Mikołaj Roznerski i Adriana Kalska tworzyli parę przez trzy lata, jednak ich związek zaczął się od przyjaźni. Aktorzy poznali się na planie serialu M jak Miłość, gdzie grali parę. Niedługo po tym ekranowa miłość przeniosła się do rzeczywistości i Ada i Mikołaj uchodzili za jedną z najpiękniejszych par w polskim show- biznesie.
Jakiś czas temu spekulowano, że aktorska para zaręczyła się i planuje ślub. Niestety jednak pod koniec stycznia tego roku, Kalska zamieściła na swoim Instagramie oświadczenie, w którym wyznała, że rozstała się z Roznerskim:
„Wypowiem się na ten temat raz i OSTATNI. Tak to prawda. W połowie grudnia rozstaliśmy się z @mroznerski. Rozstania dla nikogo nie są łatwe. Nasze prywatne drogi rozeszły się, jednak zawodowo nadal będziecie mogli nas oglądać na scenie i ekranie.” – napisała wówczas Kalska na swoim Instagramie.
W związku z rozstaniem aktorskiej pary, fani serialu M jak Miłość zaczęli obawiać się o losy bohaterów swojego ulubionego serialu. Chociaż Kalska zapewniła, że to nie wpłynie na ich pracę na planie, pojawiły się spekulacje, że być może produkcja rozdzieli także Izę i Marcina.
Zobacz także: Roznerski o pracy z Kalską w M jak Miłość
Jakiś czas temu kilka słów na temat przyszłości bohaterów i atmosfery panującej w pracy powiedział Mikołaj:
„Jesteśmy zawodowcami, zachowujemy się zawodowo” – powiedział Roznerski.
Adriana Kalska oprócz grania w serialu M jak Miłość, pracuje także na planie produkcji TVN7 Papiery na szczęście, gdzie wciela się w główną postać. W związku z tym, aktorka pojawiła się na konferencji stacji TVN7. Było to jej pierwsze publiczne wyjście od rozstania z Roznerskim, zatem była to świetna okazja, by zamienić z aktorką kilka słów.

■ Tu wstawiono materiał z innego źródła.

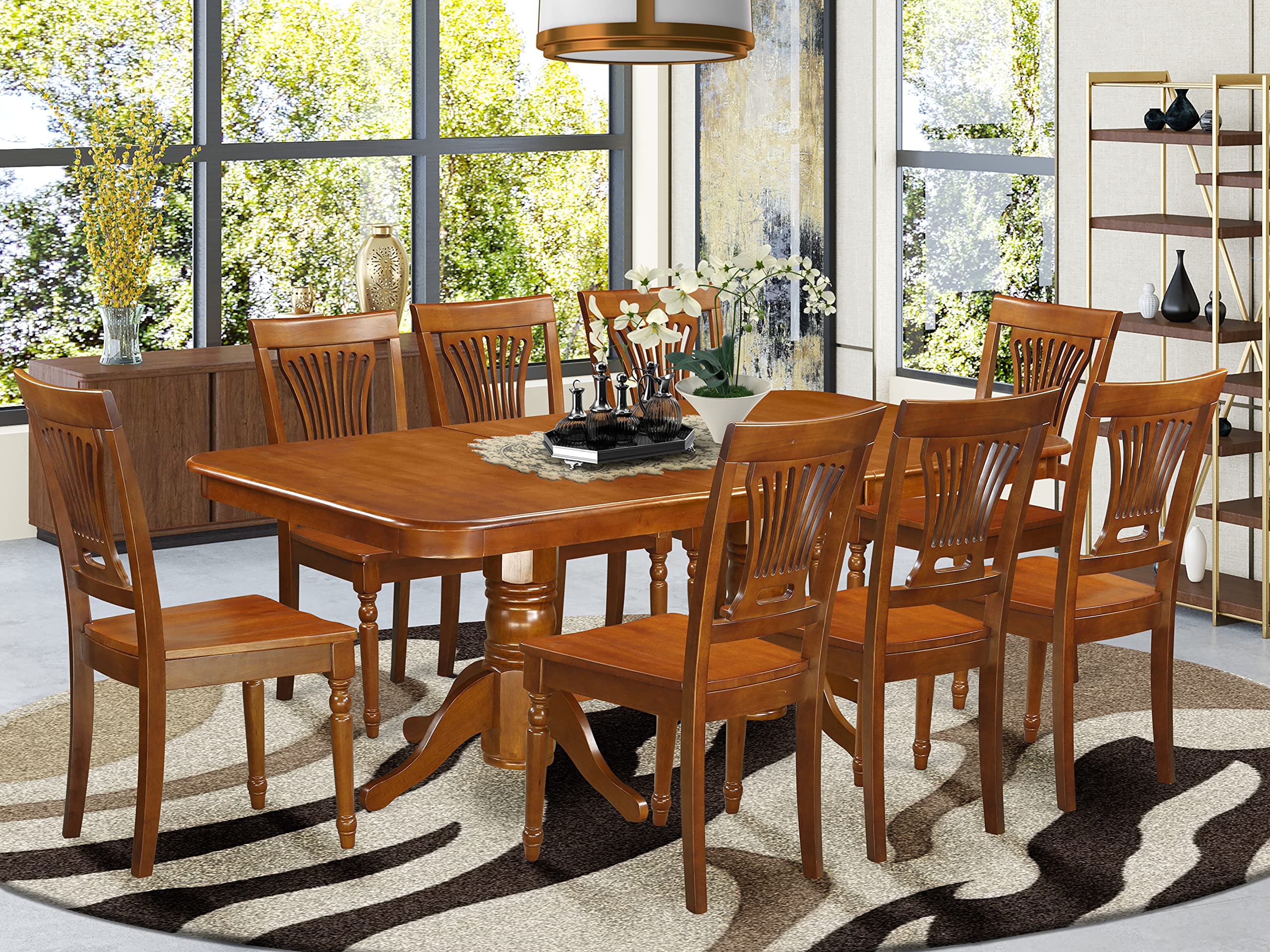 East West Furniture NAPL9-SBR-W 9 Piece Kitchen Table Set Includes a Rectangle Dining Table with Butterfly Leaf and 8 Dining Chairs, 40x78 Inch, Saddle Brown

W rozmowie z reporterka jastrzabpost, Kalska odniosła się do wspólnej pracy z Mikołajem na planie Emki. Aktorka wypowiedziała się w podobnym tonie, co jej były partner. Dodała także, aby nie poruszona tematów związanych z jej byłym partnerem:
“Odpowiem tyle, że nam pracuje się tak, jak nam się pracowało, bo profesjonalnie podchodzimy do pracy. Nie będę nic więcej komentować, bo jasno wyraziłam się na swoim Instagramie. Proszę o uszanowanie mojej prośby.”
Spodziewaliście się takiej odpowiedzi?